In Multispeech, we consider speech as a multimodal signal with different facets: acoustic, facial, articulatory, gestural, etc. The general objective of Multispeech is to study the analysis and synthesis of the different facets of this multimodal signal and their multimodal coordination in the context of human-human or human-computer interaction. While this multimodal signal carries all of the information used in spoken communication, the collection, processing and extraction of meaningful information by a machine system remains a challenge. In particular, to operate in real-world conditions, such a system must be robust to noisy or missing facets. We are especially interested in designing models and learning techniques that rely on limited amounts of labeled data and that preserve privacy.

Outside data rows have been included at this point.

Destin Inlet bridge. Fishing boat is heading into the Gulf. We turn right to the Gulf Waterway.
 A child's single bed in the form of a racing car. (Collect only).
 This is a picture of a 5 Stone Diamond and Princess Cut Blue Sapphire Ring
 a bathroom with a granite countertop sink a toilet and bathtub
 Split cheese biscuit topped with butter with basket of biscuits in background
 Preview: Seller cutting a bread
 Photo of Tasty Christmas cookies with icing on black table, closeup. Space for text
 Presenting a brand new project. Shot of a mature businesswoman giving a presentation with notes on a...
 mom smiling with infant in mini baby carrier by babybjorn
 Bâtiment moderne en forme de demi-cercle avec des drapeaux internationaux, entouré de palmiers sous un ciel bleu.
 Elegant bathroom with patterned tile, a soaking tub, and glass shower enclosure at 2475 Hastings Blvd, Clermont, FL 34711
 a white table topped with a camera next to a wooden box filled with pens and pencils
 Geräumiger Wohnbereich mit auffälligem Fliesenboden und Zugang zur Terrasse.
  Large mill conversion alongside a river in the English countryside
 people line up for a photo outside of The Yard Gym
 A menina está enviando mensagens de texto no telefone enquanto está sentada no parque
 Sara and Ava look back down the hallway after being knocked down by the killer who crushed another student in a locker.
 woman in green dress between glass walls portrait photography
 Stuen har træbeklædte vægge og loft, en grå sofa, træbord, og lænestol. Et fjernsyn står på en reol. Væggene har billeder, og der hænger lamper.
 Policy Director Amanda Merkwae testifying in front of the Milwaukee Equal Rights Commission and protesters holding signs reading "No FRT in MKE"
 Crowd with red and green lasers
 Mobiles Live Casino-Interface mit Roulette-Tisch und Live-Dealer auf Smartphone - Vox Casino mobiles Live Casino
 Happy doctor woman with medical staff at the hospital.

Therefore, Multispeech addresses data-efficient, privacy-preserving learning methods, and the robust extraction of various streams of information from speech signals. These two axes will allow us to address multimodality, i.e., the analysis and the generation of multimodal speech and its consideration in an interactional context.
The outcomes will crystallize into a unified software platform for the development of embodied voice assistants. Our main objective is that the results of our research feed this platform, and that the platform itself facilitates our research and that of other researchers in the general domain of human-computer interaction, as well as the development of concrete applications that help humans to interact with one another or with machines. We will focus on two main application areas: language learning and health assistance.